2005 More than 50,000 Charter Patrons Assist the Research
By 2005, the benefits of hazelnuts had touched the lives of 50,930 members who agreed to plant, observe, and report results. In return, participants receive an annual report and Home Harvest Guide. On farms, in small towns, and in city suburbs, members found that participation was not only helpful, but interesting and fun. In some instances, it has also been financially rewarding—with crops available to sell or help feed the family.
2009 Hazelnut Consortium Formed
Research scientists at the University of Nebraska–Lincoln, Rutgers University, and Oregon State University joined with Foundation staff to form the Hybrid Hazelnut Consortium. This expansion of expertise provided better opportunities to analyze reports from members, screen for the best bushes, and reproduce progeny through state-of-the-art laboratory and nursery techniques.
2012 Best Progeny Planted
Using nuts from the best of the original plants returned by patrons, along with promising bushes discovered growing in the wild, new seedlings were propagated and planted in the orchard at Arbor Day Farm.

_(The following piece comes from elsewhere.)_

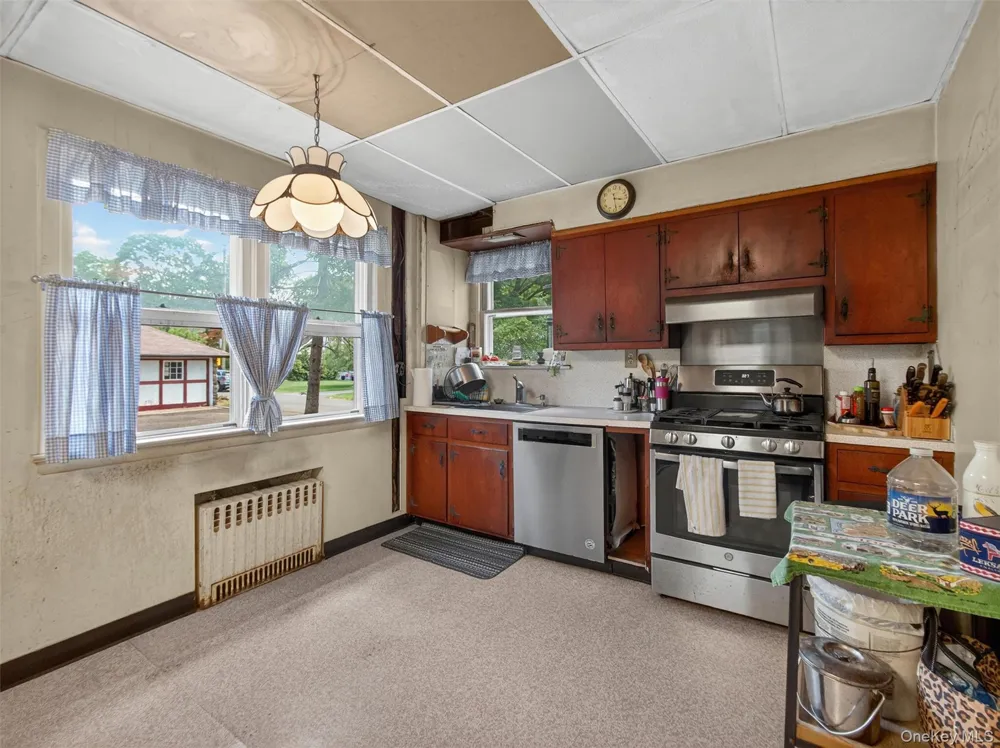 125 Wayne Avenue Suffern, NY 10901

This introduction into the orchard not only provided nuts for further distribution and testing, but provided additional diversity that should lead to even better hybrids in the future.

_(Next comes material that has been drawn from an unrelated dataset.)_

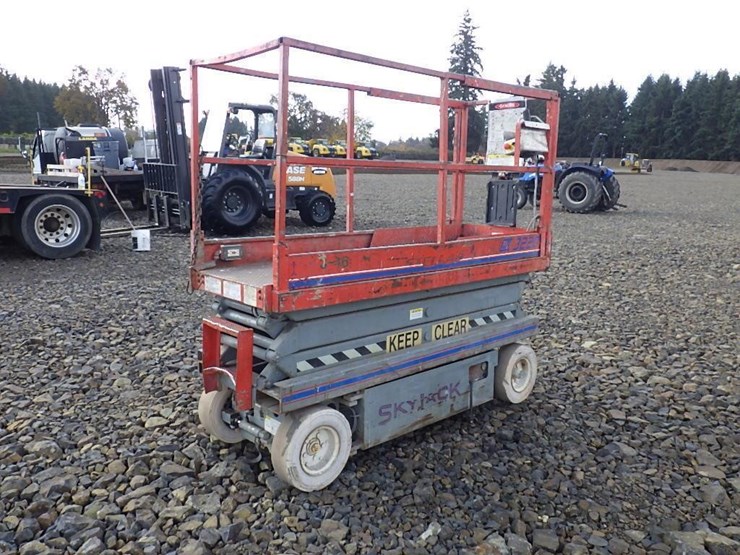 1995-skyjack-sjiii3220-image-5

2016 Consortium Receives Grant
The Hybrid Hazelnut Consortium secured a 5-year grant totaling $3.1 million from the USDA to continue its work on developing a next-generation hybrid that can expand commercial hazelnut production in the U.S. This funding was made available due to the progress the consortium has made so far—with critical support from Hazelnut Project Charter Patrons who have planted hybrid hazelnuts and reported their results.